## Try it
Take the material below and output exactly the run of lines from the one containing "<秀品 甘平 L~3Lサイズ 約5kg>蜜柑" down to the one containing "Santini UCI Rainbow Sokken", with both included.

## Provided entries
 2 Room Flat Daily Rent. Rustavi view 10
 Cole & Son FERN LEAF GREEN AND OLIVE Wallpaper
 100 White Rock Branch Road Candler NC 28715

...

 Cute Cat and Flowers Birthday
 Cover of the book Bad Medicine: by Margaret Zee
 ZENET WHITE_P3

--

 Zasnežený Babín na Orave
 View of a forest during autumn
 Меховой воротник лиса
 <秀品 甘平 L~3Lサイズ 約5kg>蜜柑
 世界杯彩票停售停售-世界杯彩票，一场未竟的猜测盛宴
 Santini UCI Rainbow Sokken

## Worked solution
 <秀品 甘平 L~3Lサイズ 約5kg>蜜柑
 世界杯彩票停售停售-世界杯彩票，一场未竟的猜测盛宴
 Santini UCI Rainbow Sokken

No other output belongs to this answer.